Throughout my life span, the greatest attribute to my character has always been my laugh. It is one of contagiousness. No matter what mood one is in, the second I give off a chuckle, it always tends to make others giggle in response. Who would have known, that the thing I am best known for and brings so much joy to others, would soon bring me harm.

While on a trip to Universal Studios, I sat with a group of friends at a restaurant waiting until they would call us back to the bus to head our journey back home. As we entertained each other with talk and humor, one of my friends said something that made the whole table laugh profusely. As we eventually settled down, I realized that my right hand was shaking uncontrollably. Though my friends thought it was a joke, they soon came to the realization that it was a really serious matter. The trembling that started in my hand, soon spread throughout my entire body. No one knew what to do. They quickly rushed me to the bus to lie down, as I was unable to stand up caused by the shaking in my legs. Many of the spectators believed I was having some form of seizure. As I was able to talk and retained consciousness, the supervisors quickly loaded everyone back onto the bus and rushed me back home.

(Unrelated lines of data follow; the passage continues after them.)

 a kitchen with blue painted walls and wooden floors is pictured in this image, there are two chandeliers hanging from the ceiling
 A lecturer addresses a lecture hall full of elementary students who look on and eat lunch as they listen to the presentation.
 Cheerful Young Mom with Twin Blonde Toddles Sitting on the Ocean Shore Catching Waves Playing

Throughout the next few weeks, my family took me to numerous different doctors to have countless tests done to figure out why I was still shaking. No one had an answer for me, considering everything came back normal. The only thing doctors could do was label this condition as some form of active tremor. For the next two months, I was unable to do practically anything, especially schoolwork. I had to have my family write everything out for me. What took another student a half hour to complete, took me two hours.

Five months after the original starting date of these intense tremors, it settled down enough to where I would shake only when I was active. However, these activities could be something as simple as writing or even laughing a little bit. This condition hindered my daily activities immensely. A full year later, my shaking stopped. The doctors did not heal me, and it definitely was not any medication they put me on. It was the power of God that healed me.

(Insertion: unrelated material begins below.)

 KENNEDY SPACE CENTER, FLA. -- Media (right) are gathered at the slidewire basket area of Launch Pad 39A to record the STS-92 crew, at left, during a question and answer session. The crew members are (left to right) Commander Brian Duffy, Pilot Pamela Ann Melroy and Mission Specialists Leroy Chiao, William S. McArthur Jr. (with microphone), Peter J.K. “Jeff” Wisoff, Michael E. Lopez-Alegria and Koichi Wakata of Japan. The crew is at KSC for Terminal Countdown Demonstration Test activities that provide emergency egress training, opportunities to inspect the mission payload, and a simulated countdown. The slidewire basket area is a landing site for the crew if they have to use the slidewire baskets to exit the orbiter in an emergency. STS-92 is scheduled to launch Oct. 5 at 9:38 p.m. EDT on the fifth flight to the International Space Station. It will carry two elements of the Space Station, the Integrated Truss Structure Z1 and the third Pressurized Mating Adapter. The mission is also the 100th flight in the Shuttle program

Although this was a horrible experience to go through, I am grateful that I had to endure this. Through this experience, I learned how to have perseverance more than anyone I know. I gained strength to accomplish any task at hand. I am now able to encourage others through the worst times and understand at least a little bit of what they are going through. Most importantly, it showed that even through hard times, I am able to manage my time while keeping good enough grades to be in the top five percent of my class.

EF_Sean 6 / 3459  
Aug 21, 2009   #2
Not bad for a first draft. I'd focus more on showing your emotional response to the experience and on showing how and what you learned from it. You state what you learned in the last paragraph, but simply telling isn't very interesting, and it seems tacked on anyway. Actually showing what you learned through narrative description is the way to go here.
EF_Simone 2 / 1974  
Aug 21, 2009   #3
I agree with Sean. The essay starts strong, with the story, but ends weakly.

more than anyone I know.

This comparison is not needed and may possibly be perceived as arrogant. Of course, you do not know the difficulties through which people in your life have themselves persevered.
Liebe 1 / 524  
Aug 21, 2009   #4
No matter what mood one is in, the second I give off a chuckle, it always tends to make others giggle in response.

^If it is a case of 'no matter what mood one is in', then it should not be a 'tend'. It either does or does not.

In your second paragraph, your usage of the word 'they' is ambivalent in certain parts. Also certain clauses need to be separated with a comma rather than a full stop.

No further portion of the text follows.